Wednesday, June 27, 2012

Pictures and Stories Told with Hands

In the late 1980s, while I was finishing my degree in Child and Family Studies at Syracuse University, I was also working part- time as a sign language interpreter/teaching assistant with deaf children mainstreamed into local schools. Students ranged in ages K-18.
My favorite position involved volunteering in the Kindergarten program. I love the art young children produce. I love sharing stories with them and encouraging them to create their own stories.
I am still and was a poet. Another volunteer project my colleagues for deaf students performed was  poetry from the spoken/written word interpeted in a theatric way into American Sign Language at local venues.

In the kindergarten class was a 6 year old child who was non lingual. She was born profoundly deaf and mostly ignored by family, so she did not even have rudimentary language. As the fall passed, I learned she had been removed from her family due to sexual molestation by her father. There seemed to be physical evidence. The case was heart breaking. She lived in foster care while the trial of her abuser took place.
She was horribly shy. She did not allow anyone to touch her. One could hardly blame her. She seldom interacted with other kids. One day I was determined to encourage her to draw.
At long last after gazing into my eyes without expression, she slowly reached for the black crayon. She attacked the piece of oak tag paper I 'd given her with it. While happy to see her draw, I was appalled at the resulting artwork. Scribbles with violent jags and sharp points. This certainly fit with the situation we staff were told of.
Daily we also had Story Hour. Even though they could not hear, kids loved stories. All of us used simultaneous communication, that is spoke and signed while maintaining eye contact.

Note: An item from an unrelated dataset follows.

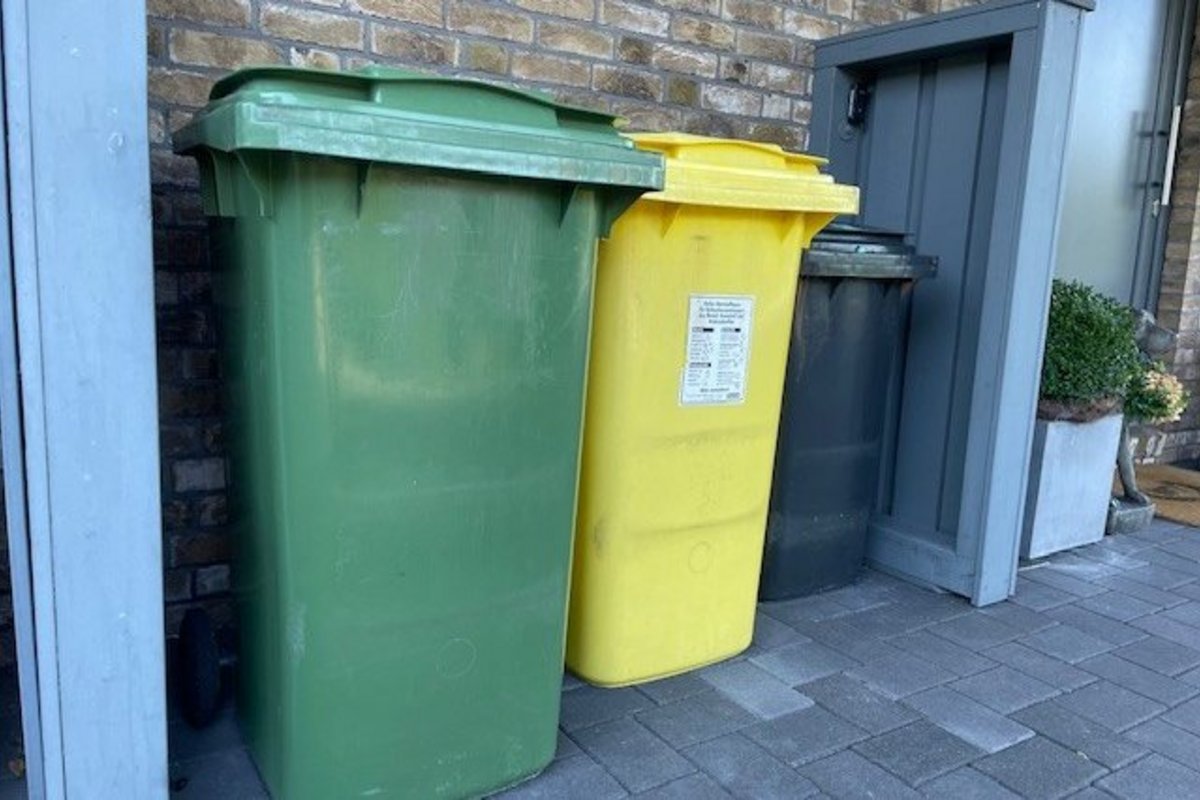 Drei Mülltonnen stehen nebeneinander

The students wore special hearing aid devices just in case some sounds made it through. The teacher held the bright picture book up to face her audience and an interpreter signed with great drama.
Usually my little student showed little or no reaction during story hour while others scrambled up on staff laps or sat arms around each other and commented on the story.

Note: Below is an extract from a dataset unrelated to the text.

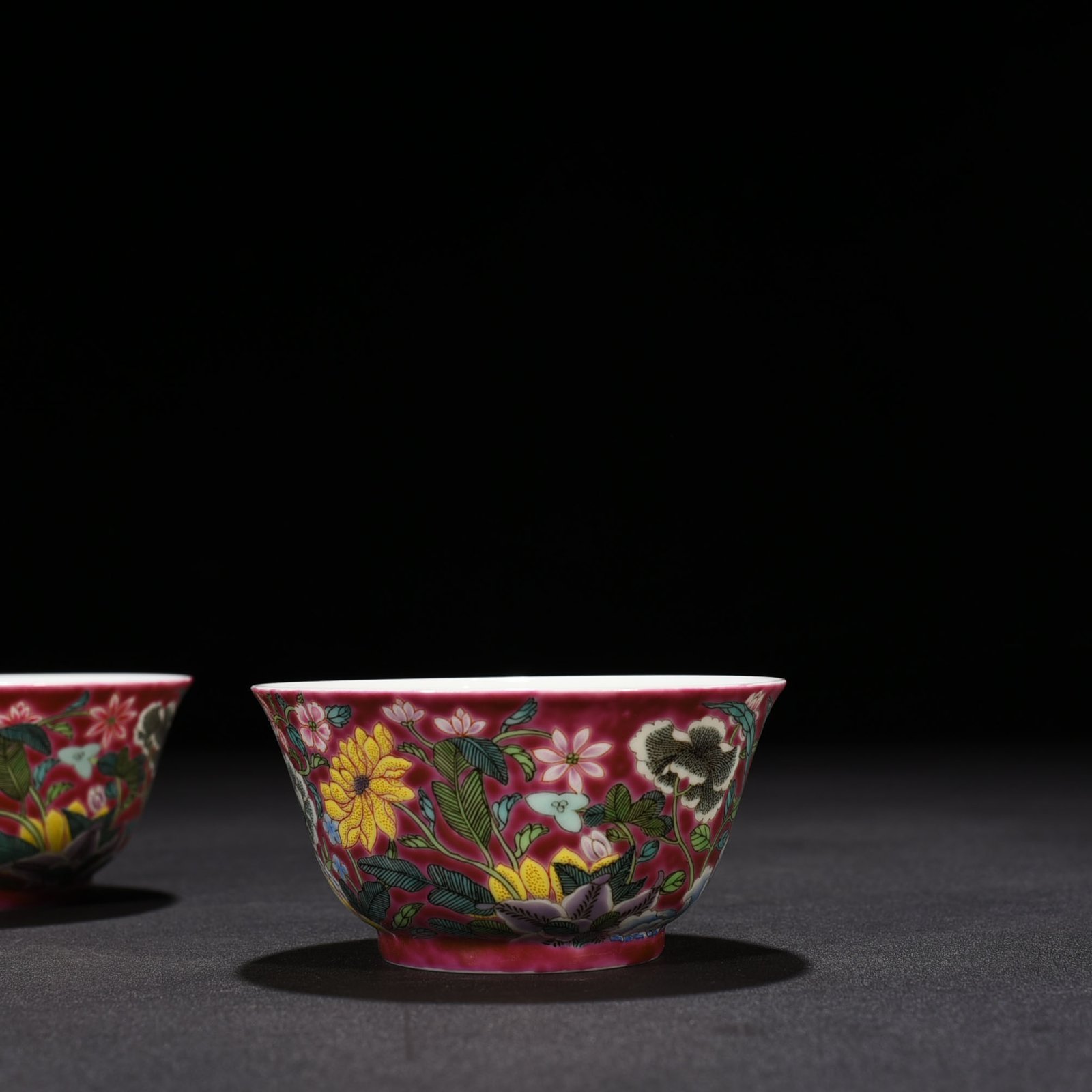 Qing Dynasty Yongzheng rouge ground pastel nine-autumn cup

By now it was November and we despaired of ever reaching this abused child who held herself arms around her own waist, eyes downcast.
Then one day at Story Hour, Liz began to read. I don't recall the particular book except the colors were bright, the story enchanting. Other kids sat enraptured. My student sat in front of me. We were both on the floor.
She glanced back at me with longing. She appeared to struggle with a decision. At last, with great care, and all eyes upon her while Liz continued to read, she carefully sat herself between my legs, then picked up my right hand and wrapped my arm around her. Next, she did the same with my left hand.
I don 't know if the kids noticed, but the adults in the room sure did. I was holding my breath. Tears shone in Liz's eyes as she finished the story.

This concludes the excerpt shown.